Witajcie!
Za oknem mamy piękne słońce a trawnik wygląda lepiej niż w środku lata.
Gęsty i soczyście zielony:)
Także ja jeszcze zimy nie czuję.
Cały czas latam z grabiami i zbieram opadłe liście.
Dzisiaj żegnam jesień zdjęciami z puszczy i naszego ogrodu.
A od jutra zabieram się za mycie okien i przygotowywanie świątecznych dekoracji.
Na początek coś z "nowości" wnętrzarskich.
W salonie jeszcze nie dawno stał metalowy, narożny regał Ikea z serii Ronnskar.
Jednak jak wymieniałm sofy i inne dekoracje przestał pasować. Dwa lata temu kupiłam stary, narożny kątnik i tyle samo czasu stał zapomniany w garażu. "Metalowca" udało się szybko sprzedać i to zmobiliozwało mnie do odnowienia zapomnianego mebla. Witrynę dałam do opiaskowania a następnie wykończyłam całość woskiem wybielającym firmy Liberon.

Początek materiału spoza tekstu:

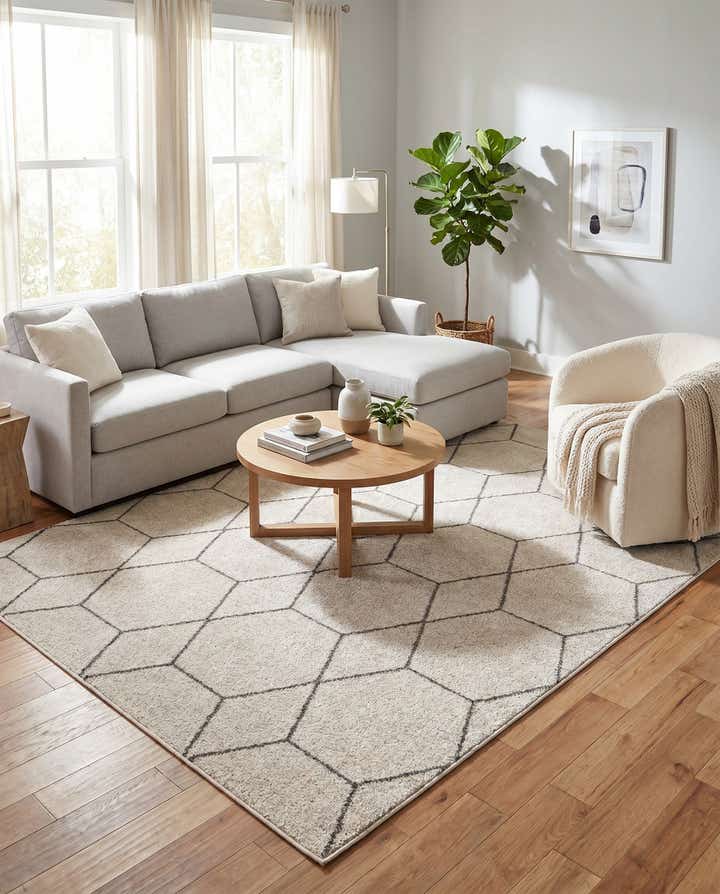 10' x 13' Lattice Frieze Rug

Kątnik pierwotnie był ciemno brązowy, tak wyglądała góra po piaskowaniu.
A tak po woskowaniu:
Ostatnio w wolnych chwilach siedzę przy maszynie.
Ze swetra kupionego w sh na wagę uszyłam komin i getry dla Natalki.
Idealne na jesień i zimę.
Liściasta broszka:)
Jesienne chwile w ogrodzie.
Jakieś rolnicze "coś", które leży obok drewnianej chaty:)
W puszczy jeszcze można spotkać urocze muchomory.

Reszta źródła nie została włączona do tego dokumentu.